ADHD often complicates life. If you’re someone like me, you no doubt organize your life with a gamut of GTD apps, calendars, clocks, timers, note taking, protocols, automation, preferences, and various other personal tools to keep life going smoothly. While many there are many articles detailing these methods, this will instead focus on the main point of frustration, your own mind.

Organization tools are no doubt essential for functioning with a chemically impaired working memory, but they’re limited in helping with one of the most important parts of life, long term fulfillment.

First, I will take you on a short journey through the issue, followed by my suggestions for managing and attaining control of your life in the long term.

Most of the problems I face with ADHD have to do with short term prioritization. Far too often, I make a plan in the morning, only for it to fall apart in the minutia of the day. I may ended up accomplishing a lot, but even when I do, I can still end up making little progress with my established goals, subverting my long term fulfillment.

The Long Term is made out of the short term, and we know all too well that if one can’t get the short term organized, they may not see their long term goals to fruition.

When succumbing to this, it often feels like the path to the destination is obscured. The map is incomplete, as all maps are. Most people seem to get there just fine, but what they don’t have that you do is the dense forest of your dopamine starved prefrontal cortex, seeking novelty on the side paths, losing the way back, without a natural way to keep track of time.

The question becomes: “How do I navigate this fog without sabotaging myself?”

The first thing you must do is know that you are not doomed to failure. You can do this, and you’re going to need your trusty tools to do it.

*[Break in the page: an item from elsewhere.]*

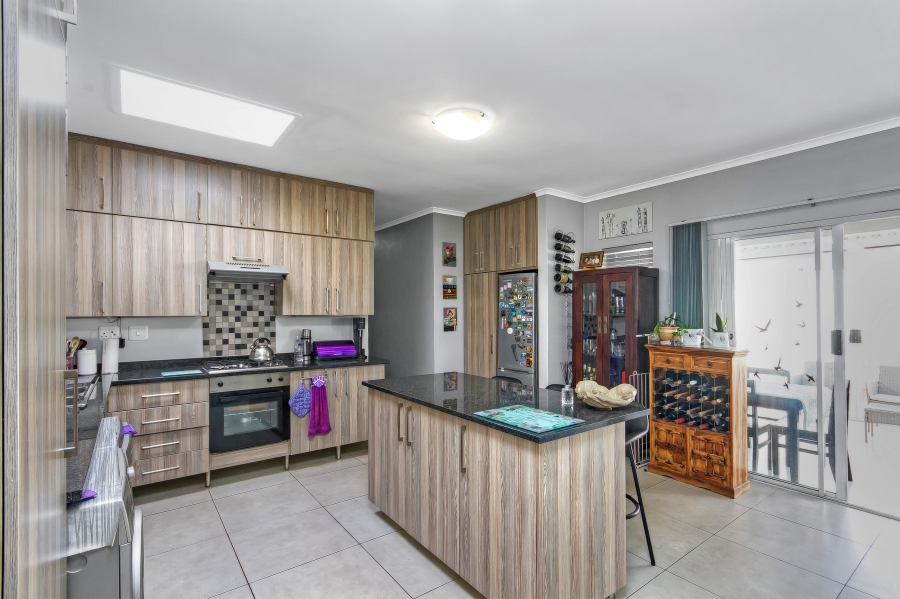 2 Bedroom Property for Sale in Blue Hills Gauteng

Let’s start by breaking down the issues you might experience.

The main reason why otherwise neurotypical people don’t have these problems is because of how our brains respectively handle the contexts of a situation.

The prefrontal cortex is a way station for all of the competing thoughts the rest of the brain is processing. When a thought makes its way to the prefrontal cortex, it’s fighting for a say in your consciousness. The prefrontal cortex has to weigh the strength of these thoughts and decide what is worth bringing to the forefront of one’s mind, or its “context”.

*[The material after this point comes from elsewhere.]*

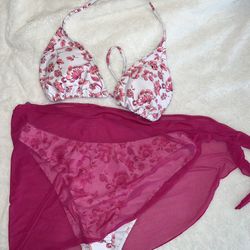 3 Different Women’s 2 Piece Bathing Suits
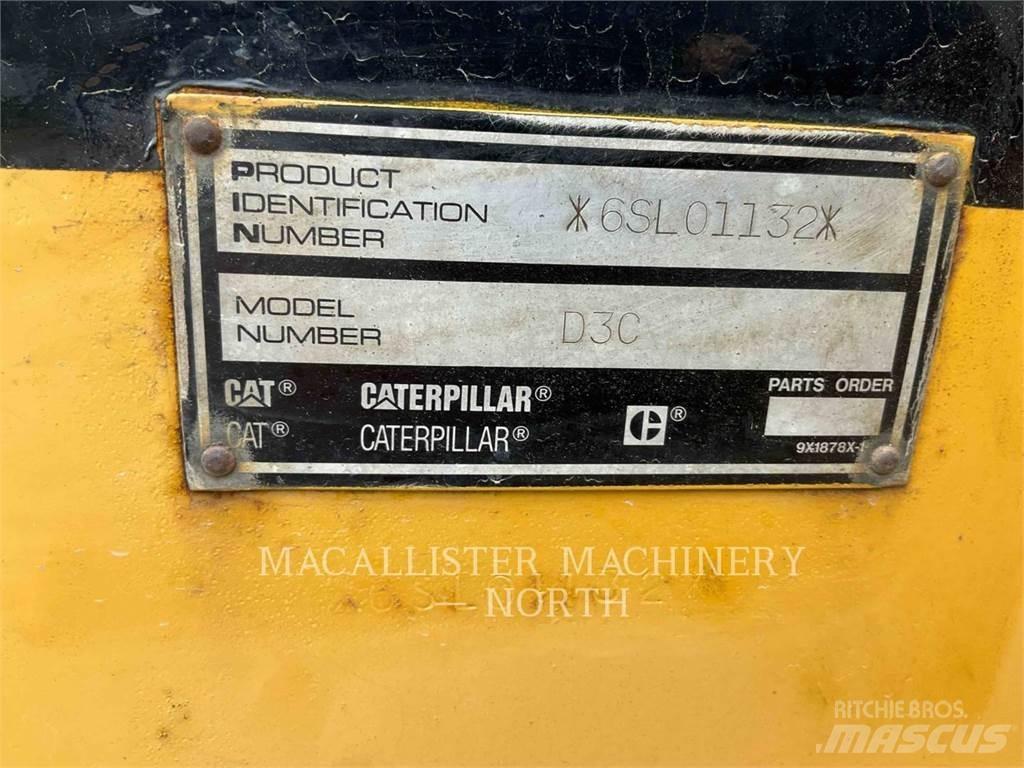 CAT D3CX Buldozer sobre oruga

Let’s call “context” here the state of one’s conscious mind at any given moment, the whole of one’s working memory. Elements of that context might change over time, or the entire context might be swapped out for another if enough has changed externally but a context is effectively the cluster of thoughts that compose one’s working memory.

When the brain is dopamine deprived, like with ADHD, the prefrontal cortex more easily discards elements and even whole contexts. It is also more likely to keep new stuff from coming in, like the sensation of hunger while engaged in hyperfocus. Hyperfocus can actually be described here as a kind of anxiety where one is afraid of losing the context they are currently in. In the end, it takes more effort to manage our working memory dealing with ADHD than otherwise.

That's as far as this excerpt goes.